A letter in The Herald-Mail Thursday raised the concern that the state school system is becoming so test-happy that the overall education process suffers as a result.

I kept thinking what a fine letter it was, and when I got to the bottom I found that it was written by my old friend Bill Moore, who is a guidance counselor at Northern Middle.

Bill and I became friends when he was mayor of Hedgesville and I was assigned to cover the town council meetings. It was in the days when, frankly, I was more concerned with who was playing at Shiley Acres than whether Hedgesville would be upgrading to a 1973 Ford F-350 Series municipal garbage truck.

But when the council was about to do something interesting, Bill would always wake me up and I'd take a few notes and then he'd kindly let me get back to my trance. What I learned was that when Bill said something was important it always was, and that his credentials for candor and perspective were impeccable.


So I think it's worth listening when he writes: "In my 32 years as a guidance counselor this is the most testing that I have ever experienced in one year. It poses the question (whether) anyone at the State Department of Education is looking at the total picture of what is occurring in the schools due to this near monthly standardized testing."

Teachers tell me the same thing. The school calendar is choked with test dates and even when tests aren't being given the specter of the exams dominates the educational landscape. Teachers are always thinking about the tests, worrying about the results and preparing kids to perform not for life but for standardized measuring sticks cooked up by someone in a high-rise in Baltimore.
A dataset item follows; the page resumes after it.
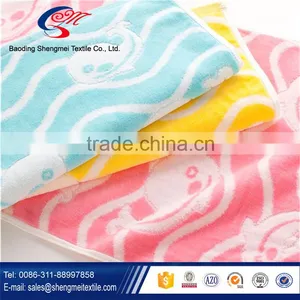 Premium Quality and Custom Design Cut Pile Face Towel thumbnail-2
State Superintendent Nancy Grasmick wrote in a Dec. 7 op-ed piece, which I suppose was sort of a post-emptive strike against a newly released test scores that reflected declining results, "With the release of the 1999 Maryland School Performance Assessment Program (MSPAP) results, we can clearly see that our school reform efforts are working, instruction is improving, and students are achieving at higher levels than in 1993 when MSPAP testing began."

Keep in mind this statement was made after state averages declined. Yes, scores are higher than they were in 1993 (probably due as much as anything to the fact that schools are learning what type of questions will be asked and prepping the students accordingly) but lower than they were a year ago.

Tests are supposed to heighten accountability. But accountability goes hand in hand with honesty, and if state officials freely "spin" their results to make things look better than they are, the value, such as it is, goes right out the window.

Who's to say that administrators who gloss over the truth wouldn't also make the tests a little easier next year to pad the results? Or change the grading technique, which is already pretty subjective? Administrators who twist the results offer the public no confidence that they would not bend to political pressure for improvement by jiggering the tests in other ways. And they also cheapen the efforts of county school systems like Washington, where test scores actually did go up this year.

What we're left with are students and teachers who are accountable and state administrators who aren't.

Another problem is that classes of kids aren't created equally. A teacher may have a smart third grade class one year and a comparative group of dullards the next. The first class gets a high score and sets a standard impossible to the next class to attain. "The same teacher, the same technique" can yield two radically different scores from one year to the next, a Washington County teacher says.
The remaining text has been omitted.